--- The input ---

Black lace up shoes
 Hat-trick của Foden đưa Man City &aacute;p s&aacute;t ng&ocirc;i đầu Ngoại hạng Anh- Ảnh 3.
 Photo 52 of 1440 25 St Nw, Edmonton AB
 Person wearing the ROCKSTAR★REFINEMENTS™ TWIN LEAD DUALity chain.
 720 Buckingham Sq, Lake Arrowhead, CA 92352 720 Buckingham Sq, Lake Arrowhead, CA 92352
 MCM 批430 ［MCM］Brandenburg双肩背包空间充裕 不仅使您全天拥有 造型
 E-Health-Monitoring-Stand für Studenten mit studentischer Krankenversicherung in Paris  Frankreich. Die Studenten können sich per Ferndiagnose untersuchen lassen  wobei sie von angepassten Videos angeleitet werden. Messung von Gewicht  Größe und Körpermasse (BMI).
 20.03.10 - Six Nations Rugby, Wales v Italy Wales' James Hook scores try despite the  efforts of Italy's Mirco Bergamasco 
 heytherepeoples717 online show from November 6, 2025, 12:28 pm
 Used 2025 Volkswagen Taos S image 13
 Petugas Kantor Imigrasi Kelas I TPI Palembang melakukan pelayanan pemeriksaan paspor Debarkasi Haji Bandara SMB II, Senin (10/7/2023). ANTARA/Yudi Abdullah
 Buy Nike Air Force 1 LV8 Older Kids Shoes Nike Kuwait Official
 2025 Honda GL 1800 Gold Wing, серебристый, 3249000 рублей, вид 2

--- Exercise description ---
Look above for the line holding "Hat-trick của Foden" and the line holding "MCM 批430 ［MCM］Brandenburg双肩背包空间充裕". Retype both, and every line between them, word for word and nothing else.

--- Written reply ---
 Hat-trick của Foden đưa Man City &aacute;p s&aacute;t ng&ocirc;i đầu Ngoại hạng Anh- Ảnh 3.
 Photo 52 of 1440 25 St Nw, Edmonton AB
 Person wearing the ROCKSTAR★REFINEMENTS™ TWIN LEAD DUALity chain.
 720 Buckingham Sq, Lake Arrowhead, CA 92352 720 Buckingham Sq, Lake Arrowhead, CA 92352
 MCM 批430 ［MCM］Brandenburg双肩背包空间充裕 不仅使您全天拥有 造型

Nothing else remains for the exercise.